Gli sbarchi sono sempre più sporadici. Ma questo lembo di terra non cancella la memoria e, con essa, la propria identità di porto aperto.
09 Aprile 2019 | di

«Non so se ringraziare il cielo o maledire il fatto che siamo così lontani da non sentire le urla di chi sta in Libia». Si affaccia sul mare lo studio di Paola La Rosa, avvocato, attivista e membro del forum solidale di Lampedusa. Alle sue spalle, una fotografia di Giovanni Falcone e Paolo Borsellino.

Nelle sue parole, la lunga e a tratti dolorosa testimonianza di una vita trascorsa in una terra di frontiera. «Abbiamo vissuto momenti drammatici.  Ma anche straordinari: non bisogna dimenticare che su questo scoglio decine di migliaia di persone hanno trovato la salvezza. Qui, iniziavano una nuova vita. Ora, non accade quasi più».

L’assenza, su quest’isola spazzata dal vento che qui chiamano scoglio, sembra l’unica costante presenza. Gli sbarchi sono divenuti sempre più sporadici. Le orbite vuote dell’hot spot, circondato da fil di ferro masticato dalla ruggine, parlano di un’accoglienza che mai, anche in passato, ha rinunciato completamente alla sua tendenza securitaria.

Una tendenza che la recente politica dei porti chiusi ha esasperato. Secondo il sindaco, Salvatore Martello, si tratta di un’operazione esclusivamente mediatica: «Perché si continua a dire che i porti sono chiusi? A me non risulta. Il problema vero è un altro. Si vuole cancellare l’idea che nel Mediterraneo ci sia un’isola, italiana, in cui si è fatta accoglienza senza mai chiedere nulla in cambio. Ognuno di noi, in famiglia, ha un pescatore: come potremmo non soccorrere quando le nostre barche, molte volte, sono state a loro volta soccorse?

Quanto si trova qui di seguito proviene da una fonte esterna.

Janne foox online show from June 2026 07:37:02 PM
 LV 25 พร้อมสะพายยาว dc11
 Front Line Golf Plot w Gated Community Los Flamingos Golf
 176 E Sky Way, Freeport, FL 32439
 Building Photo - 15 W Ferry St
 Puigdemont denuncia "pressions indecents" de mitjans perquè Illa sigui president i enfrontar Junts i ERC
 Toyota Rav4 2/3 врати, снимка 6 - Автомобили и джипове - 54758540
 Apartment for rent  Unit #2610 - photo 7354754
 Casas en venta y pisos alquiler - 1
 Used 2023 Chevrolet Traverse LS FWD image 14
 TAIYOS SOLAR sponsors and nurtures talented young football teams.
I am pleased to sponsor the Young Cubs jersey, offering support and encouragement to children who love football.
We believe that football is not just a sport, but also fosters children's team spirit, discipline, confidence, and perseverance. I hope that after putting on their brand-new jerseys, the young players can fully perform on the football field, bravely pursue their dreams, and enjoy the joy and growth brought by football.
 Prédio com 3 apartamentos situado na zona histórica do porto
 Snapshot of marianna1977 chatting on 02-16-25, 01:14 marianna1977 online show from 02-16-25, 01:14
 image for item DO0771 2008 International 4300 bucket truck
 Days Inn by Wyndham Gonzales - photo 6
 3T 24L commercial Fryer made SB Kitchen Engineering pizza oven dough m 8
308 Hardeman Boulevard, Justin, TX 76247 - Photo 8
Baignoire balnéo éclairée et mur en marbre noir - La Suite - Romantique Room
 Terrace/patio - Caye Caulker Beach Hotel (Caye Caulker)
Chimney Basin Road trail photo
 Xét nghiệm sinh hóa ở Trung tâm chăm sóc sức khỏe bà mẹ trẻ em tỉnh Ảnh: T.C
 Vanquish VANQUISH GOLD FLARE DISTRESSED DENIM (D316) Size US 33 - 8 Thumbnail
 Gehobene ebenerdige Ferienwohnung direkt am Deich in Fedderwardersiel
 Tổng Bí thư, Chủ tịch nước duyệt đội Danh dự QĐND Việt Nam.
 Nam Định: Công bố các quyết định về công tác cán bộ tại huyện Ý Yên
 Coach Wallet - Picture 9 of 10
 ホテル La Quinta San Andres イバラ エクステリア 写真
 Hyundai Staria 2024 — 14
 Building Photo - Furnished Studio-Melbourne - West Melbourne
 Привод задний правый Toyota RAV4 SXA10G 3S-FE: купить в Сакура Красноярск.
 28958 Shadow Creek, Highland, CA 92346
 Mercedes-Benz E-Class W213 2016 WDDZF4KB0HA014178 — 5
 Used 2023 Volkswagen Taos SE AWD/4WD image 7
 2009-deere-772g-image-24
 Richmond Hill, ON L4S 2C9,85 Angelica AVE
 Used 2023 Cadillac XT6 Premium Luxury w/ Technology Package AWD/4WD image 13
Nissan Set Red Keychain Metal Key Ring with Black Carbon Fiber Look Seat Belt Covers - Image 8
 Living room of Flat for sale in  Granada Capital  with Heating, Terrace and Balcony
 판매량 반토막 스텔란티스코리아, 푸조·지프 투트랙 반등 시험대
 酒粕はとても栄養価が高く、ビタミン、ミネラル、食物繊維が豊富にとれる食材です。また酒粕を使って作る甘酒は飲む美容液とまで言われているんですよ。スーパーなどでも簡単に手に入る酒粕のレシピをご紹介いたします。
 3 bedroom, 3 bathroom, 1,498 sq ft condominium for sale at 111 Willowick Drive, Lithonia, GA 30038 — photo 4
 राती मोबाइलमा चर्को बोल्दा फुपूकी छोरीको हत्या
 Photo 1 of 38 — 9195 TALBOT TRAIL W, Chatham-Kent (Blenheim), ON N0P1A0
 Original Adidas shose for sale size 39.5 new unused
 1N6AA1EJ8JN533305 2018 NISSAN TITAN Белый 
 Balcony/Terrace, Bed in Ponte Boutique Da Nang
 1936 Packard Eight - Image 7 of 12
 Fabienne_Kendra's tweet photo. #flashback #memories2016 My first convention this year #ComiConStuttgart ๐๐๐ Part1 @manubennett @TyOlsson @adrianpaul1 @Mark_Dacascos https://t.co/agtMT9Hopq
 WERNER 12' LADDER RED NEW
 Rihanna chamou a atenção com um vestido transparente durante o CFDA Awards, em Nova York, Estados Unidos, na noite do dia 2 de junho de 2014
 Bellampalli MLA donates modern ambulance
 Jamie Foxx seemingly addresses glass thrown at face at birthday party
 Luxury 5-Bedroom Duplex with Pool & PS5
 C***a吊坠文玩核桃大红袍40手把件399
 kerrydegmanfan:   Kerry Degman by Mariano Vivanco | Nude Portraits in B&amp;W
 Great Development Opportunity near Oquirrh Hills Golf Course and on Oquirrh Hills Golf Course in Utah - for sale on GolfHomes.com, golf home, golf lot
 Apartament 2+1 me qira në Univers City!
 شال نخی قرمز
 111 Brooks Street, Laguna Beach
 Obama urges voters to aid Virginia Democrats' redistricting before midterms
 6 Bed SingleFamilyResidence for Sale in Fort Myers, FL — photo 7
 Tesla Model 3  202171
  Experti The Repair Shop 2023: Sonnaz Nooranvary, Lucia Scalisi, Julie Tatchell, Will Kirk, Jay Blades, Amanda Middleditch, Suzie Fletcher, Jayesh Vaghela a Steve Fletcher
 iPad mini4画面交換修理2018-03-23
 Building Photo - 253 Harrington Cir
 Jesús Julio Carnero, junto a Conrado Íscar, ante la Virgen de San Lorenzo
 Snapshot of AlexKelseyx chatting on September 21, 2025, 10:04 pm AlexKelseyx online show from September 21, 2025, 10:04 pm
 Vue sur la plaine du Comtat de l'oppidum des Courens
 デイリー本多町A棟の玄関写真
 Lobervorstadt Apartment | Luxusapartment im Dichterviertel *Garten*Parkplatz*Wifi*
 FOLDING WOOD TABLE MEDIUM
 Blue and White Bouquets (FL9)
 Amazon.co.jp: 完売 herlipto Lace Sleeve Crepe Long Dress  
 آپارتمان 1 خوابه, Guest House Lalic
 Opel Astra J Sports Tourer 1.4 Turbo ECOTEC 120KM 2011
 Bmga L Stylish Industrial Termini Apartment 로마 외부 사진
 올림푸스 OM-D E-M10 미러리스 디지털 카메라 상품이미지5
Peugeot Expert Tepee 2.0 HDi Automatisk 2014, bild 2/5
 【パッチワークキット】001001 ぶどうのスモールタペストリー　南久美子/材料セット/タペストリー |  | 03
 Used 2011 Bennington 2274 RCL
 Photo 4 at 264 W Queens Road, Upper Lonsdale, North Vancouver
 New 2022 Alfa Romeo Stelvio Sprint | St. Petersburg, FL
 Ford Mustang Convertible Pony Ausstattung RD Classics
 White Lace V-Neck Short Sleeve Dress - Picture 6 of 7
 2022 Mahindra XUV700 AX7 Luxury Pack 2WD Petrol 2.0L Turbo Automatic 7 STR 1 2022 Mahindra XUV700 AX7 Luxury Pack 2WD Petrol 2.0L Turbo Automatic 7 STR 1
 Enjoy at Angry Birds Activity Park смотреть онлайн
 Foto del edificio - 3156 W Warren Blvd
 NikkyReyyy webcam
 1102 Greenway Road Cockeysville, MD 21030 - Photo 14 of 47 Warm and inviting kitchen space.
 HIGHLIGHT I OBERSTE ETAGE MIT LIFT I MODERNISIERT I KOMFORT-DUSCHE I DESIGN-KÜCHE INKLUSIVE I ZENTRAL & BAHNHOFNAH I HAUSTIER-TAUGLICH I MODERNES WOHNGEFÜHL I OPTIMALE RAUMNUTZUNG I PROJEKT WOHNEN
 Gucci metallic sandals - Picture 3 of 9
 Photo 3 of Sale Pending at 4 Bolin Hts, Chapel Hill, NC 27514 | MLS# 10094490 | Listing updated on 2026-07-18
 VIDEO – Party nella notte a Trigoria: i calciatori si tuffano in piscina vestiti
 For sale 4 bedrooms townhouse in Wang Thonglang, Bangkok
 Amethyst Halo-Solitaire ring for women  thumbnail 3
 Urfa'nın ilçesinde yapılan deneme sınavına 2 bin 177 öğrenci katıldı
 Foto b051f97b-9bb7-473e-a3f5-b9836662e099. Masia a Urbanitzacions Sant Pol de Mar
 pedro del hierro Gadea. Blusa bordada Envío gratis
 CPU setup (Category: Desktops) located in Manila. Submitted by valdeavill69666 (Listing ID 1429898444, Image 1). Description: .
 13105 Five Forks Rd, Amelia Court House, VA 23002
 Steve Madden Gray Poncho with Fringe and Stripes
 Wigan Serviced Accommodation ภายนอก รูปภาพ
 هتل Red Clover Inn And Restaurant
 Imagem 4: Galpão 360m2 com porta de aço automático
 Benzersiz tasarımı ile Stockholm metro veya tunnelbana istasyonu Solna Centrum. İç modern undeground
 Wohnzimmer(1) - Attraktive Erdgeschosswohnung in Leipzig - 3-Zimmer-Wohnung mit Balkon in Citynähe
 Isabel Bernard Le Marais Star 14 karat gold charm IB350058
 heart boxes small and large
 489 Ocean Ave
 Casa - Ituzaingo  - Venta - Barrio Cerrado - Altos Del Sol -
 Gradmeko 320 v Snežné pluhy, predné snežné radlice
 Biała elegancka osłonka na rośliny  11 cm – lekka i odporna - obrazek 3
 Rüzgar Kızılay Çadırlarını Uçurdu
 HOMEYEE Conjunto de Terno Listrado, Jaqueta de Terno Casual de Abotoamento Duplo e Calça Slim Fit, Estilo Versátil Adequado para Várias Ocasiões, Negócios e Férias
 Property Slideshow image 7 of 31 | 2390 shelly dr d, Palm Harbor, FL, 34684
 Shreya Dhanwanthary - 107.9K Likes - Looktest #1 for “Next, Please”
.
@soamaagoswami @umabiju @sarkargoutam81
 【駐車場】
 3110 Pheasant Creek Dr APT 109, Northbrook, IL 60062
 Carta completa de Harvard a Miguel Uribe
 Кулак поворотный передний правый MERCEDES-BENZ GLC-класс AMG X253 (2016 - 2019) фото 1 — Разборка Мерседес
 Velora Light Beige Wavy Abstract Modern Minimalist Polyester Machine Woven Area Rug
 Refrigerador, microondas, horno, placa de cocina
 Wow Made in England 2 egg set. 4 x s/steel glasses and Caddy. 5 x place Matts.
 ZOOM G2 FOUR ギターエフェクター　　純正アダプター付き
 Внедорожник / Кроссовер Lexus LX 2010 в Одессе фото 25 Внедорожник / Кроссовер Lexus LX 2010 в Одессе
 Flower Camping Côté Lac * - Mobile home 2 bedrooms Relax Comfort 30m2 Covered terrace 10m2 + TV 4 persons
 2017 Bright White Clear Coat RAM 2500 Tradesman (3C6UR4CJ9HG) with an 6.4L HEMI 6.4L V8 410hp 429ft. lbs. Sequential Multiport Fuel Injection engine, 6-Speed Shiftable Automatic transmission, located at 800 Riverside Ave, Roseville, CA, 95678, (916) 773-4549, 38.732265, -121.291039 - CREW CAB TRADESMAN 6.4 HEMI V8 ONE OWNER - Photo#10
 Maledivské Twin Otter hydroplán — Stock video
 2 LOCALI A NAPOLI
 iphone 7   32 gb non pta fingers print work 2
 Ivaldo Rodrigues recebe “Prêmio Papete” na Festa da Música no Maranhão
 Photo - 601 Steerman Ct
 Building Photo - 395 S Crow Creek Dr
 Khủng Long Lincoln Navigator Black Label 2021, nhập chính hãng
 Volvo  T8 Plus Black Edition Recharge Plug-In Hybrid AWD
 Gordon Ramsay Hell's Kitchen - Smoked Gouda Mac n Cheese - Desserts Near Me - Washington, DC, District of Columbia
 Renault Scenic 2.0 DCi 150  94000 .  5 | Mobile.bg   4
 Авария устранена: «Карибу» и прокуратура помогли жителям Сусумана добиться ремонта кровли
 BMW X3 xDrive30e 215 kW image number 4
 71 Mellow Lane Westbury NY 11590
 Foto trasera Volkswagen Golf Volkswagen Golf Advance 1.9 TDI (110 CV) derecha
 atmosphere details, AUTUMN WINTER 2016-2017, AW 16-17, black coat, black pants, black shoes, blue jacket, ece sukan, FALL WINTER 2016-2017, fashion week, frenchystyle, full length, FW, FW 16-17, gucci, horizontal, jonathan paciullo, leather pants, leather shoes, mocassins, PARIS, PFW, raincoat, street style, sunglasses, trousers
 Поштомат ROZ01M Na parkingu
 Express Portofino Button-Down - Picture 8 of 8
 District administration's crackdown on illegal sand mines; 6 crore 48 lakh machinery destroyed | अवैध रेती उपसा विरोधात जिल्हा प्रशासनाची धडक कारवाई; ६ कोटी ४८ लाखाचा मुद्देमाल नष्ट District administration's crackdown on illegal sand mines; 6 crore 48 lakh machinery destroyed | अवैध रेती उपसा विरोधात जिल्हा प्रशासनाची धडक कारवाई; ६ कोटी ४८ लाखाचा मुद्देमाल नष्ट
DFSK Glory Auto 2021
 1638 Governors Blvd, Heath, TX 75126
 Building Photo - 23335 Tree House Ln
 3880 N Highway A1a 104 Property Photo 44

Fino a quando non sarà cancellata la memoria o la stessa identità dei lampedusani, l’accoglienza non sarà in discussione. Il porto di Lampedusa è aperto».

Alberto Mallardo sullo scoglio ci vive e lavora da quattro anni.  Laureato in antropologia, è field coordinator di «Mediterranean hope», il progetto creato dalla federazione delle Chiese evangeliche in Italia nel 2014 per provare a rispondere alle sfide poste dalle nuove migrazioni nel Mediterraneo.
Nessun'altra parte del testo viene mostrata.